His spirits have lifted me the last month, and we have both changed a lot, we're different people. He told me Miss Crawford would adapt to you, become more decorous, and that she would lift your spirits, making you happy, exactly like...no he didn't say that. I suppose he just thought it: like he would make me happier. Except that I told him I couldn't love him because I loved you.'
'Of course you love me Fanny, I practically raised you, we shared everything, every secret, well except for one, apparently, and we did everything together,' Edmund said. Fanny retorted: 'Actually, that is not true. Riding with Henry I realised, you never took me anywhere, riding or going out, you never wrote me a letter, and you often left me with my aunts, who bossed me around all day. You set it to rights afterwards, but you never took me with you to prevent them.'
He looked crushed, as if he realised this himself only now: 'You are so right, I never did any of those things, did I? I should have. Not every time, for I was older than you, but I could have taken you to see a view, or to Thornton Lacey, or to a concert, or to London to the theatre. And I never did. It never occurred to me that you might have wanted to, I took you for granted just as much as my mother and aunt did.

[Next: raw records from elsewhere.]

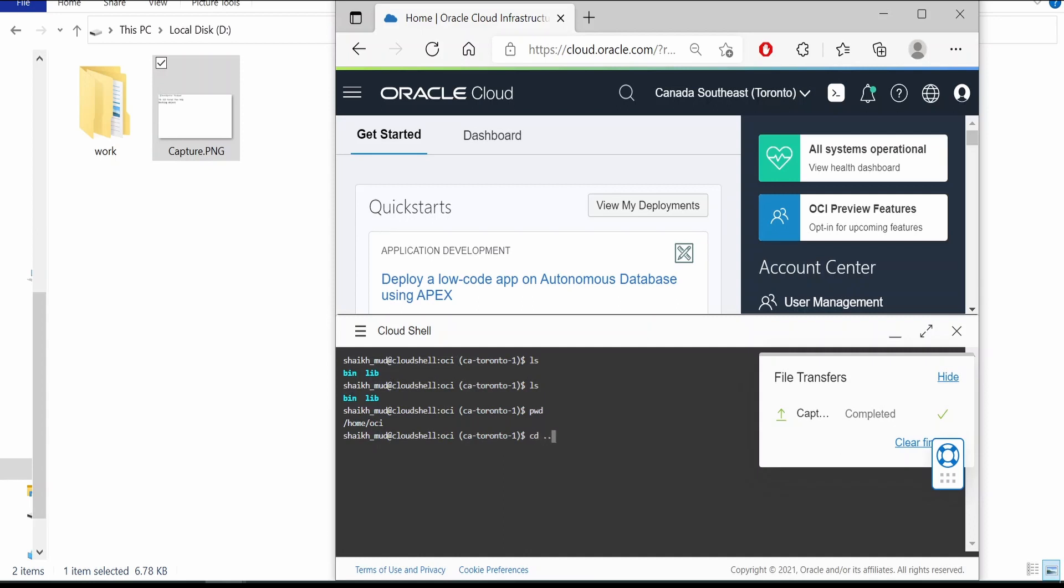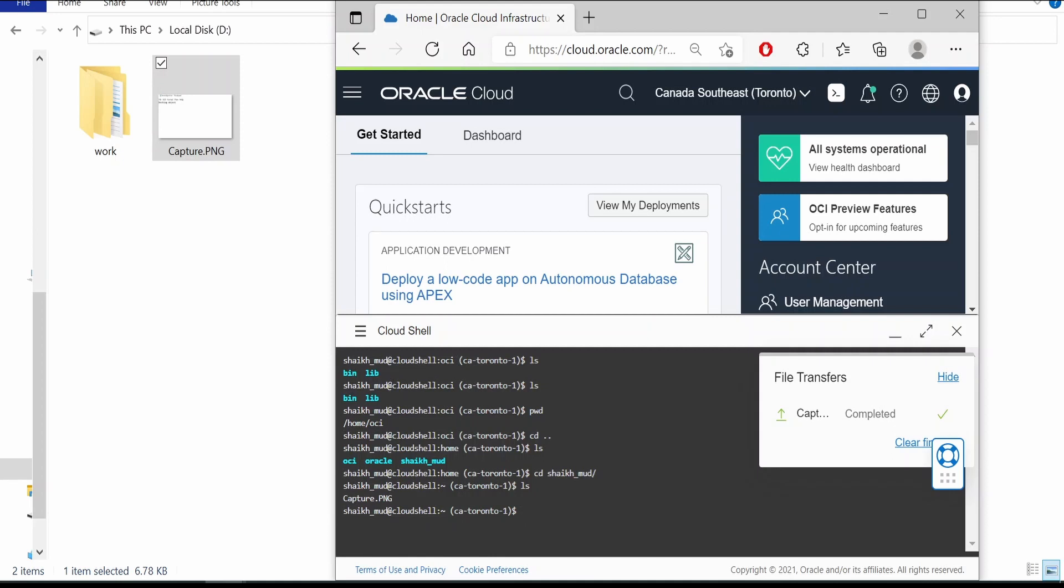Let me go back. As you can see it has uploaded the file to our root user. Okay, capture PNG.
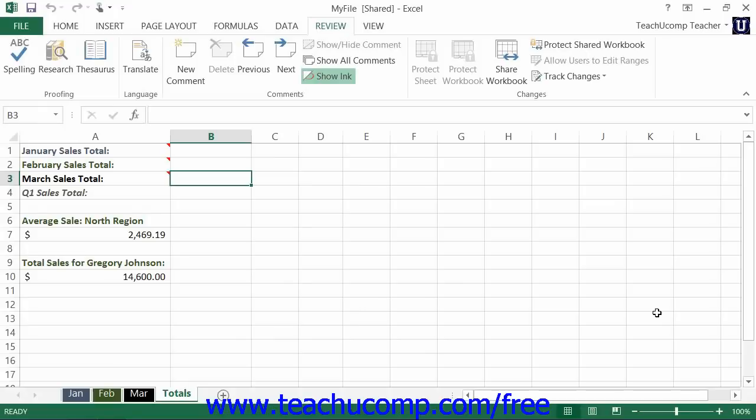There are a few requirements that the files must meet before you can merge them together. First, all merged workbooks must be copies of the same original shared workbook. They must all have different file names, and they must all be located in the same folder.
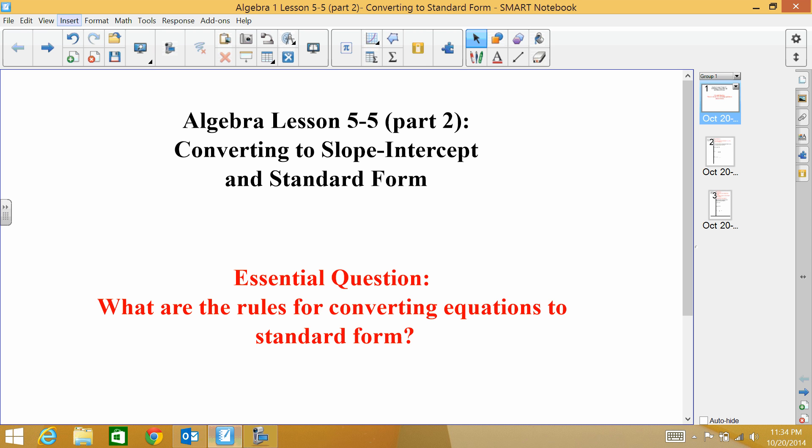For section 5.5, part 2, we are converting to slope-intercept form and to standard form. The essential question is: what are the rules for converting equations to standard form?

I'm sorry Fanny, I was as neglectful as they were, and I never realised it.' But this she protested: 'No you were not as bad as they, you helped me often, and you believed in my intelligence, and taught me how to enjoy reading, you did confide in me and heard my secrets, except that one, or I would not have loved you so well.'
'I will remember our little talk at a later moment, for we are talking of another matter now, but we will get back to doing things together another time. First I want to ask you an important question, which is a bit indecent, so you'll have to forgive me: you have been sitting here with me for quite some time now, you have rested your head against my chest, you have smelled my very personal scent, now, do you want me to hold you tightly and kiss you passionately, almost violently, right there?' pointing at a certain spot on her throat, close to her ear.